Fault tolerance

In large distributed systems failures are a common occurrence, so fault tolerance must be built in by design.

Table of contents

  1. Introduction
    1. Failure detection
    2. Failure metrics
    3. Split brain
  2. Redundancy
    1. Process groups
  3. Consensus
    1. Paxos
    2. Raft
      1. Log replication
      2. Leader election
      3. Safety
  4. Failover patterns
    1. Active-passive failover
    2. Active-active failover
  5. Message delivery
  6. Atomic commit protocols
    1. 2PC
  7. Recoverability
    1. Checkpointing
    2. Message logging
  8. Zookeeper
  9. References


Fault tolerance is the ability of a system to continue operating despite partial failures. Achieving fault tolerance is one of the benefits of creating a distributed system [1, P. 423].

Availability, reliability, and recoverability are all important concepts in fault tolerance.

Availability is “the property that a system is ready to be used immediately”. It’s usually measured as a percentage of uptime (e.g. 99.99%) [1, P. 424].

Reliability is the property that a system can run continuously without failure.

The difference between reliability and availability can be thought of like this: “if a system goes down on average for one, seemingly random, millisecond every hour, it has an availability of more than 99.999 percent, but is still unreliable. Similarly, a system that never crashes but is shut down for two weeks every August has high reliability but only 96 percent availability” [1, P. 424].

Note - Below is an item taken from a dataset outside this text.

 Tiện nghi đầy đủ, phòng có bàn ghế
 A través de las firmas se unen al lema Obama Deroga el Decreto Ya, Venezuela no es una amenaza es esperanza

Recoverability is the ability of a system to recover after becoming unavailable due to failure.

A fault is a deviation from expected behavior that can affect the function or performance of a system.

There are different types of fault:

  • Transient faults occur once and then disappear.
  • Intermittent faults occur periodically.
  • Permanent faults exist until the cause of the fault is fixed.

[1, P. 427]

A fault can result in a failure.

Fail-stop failures are failures that can be reliably detected. They are often caused by a system crash or network partition. Fail-stop failures can be tolerated by utilizing methods like replication and redundancy.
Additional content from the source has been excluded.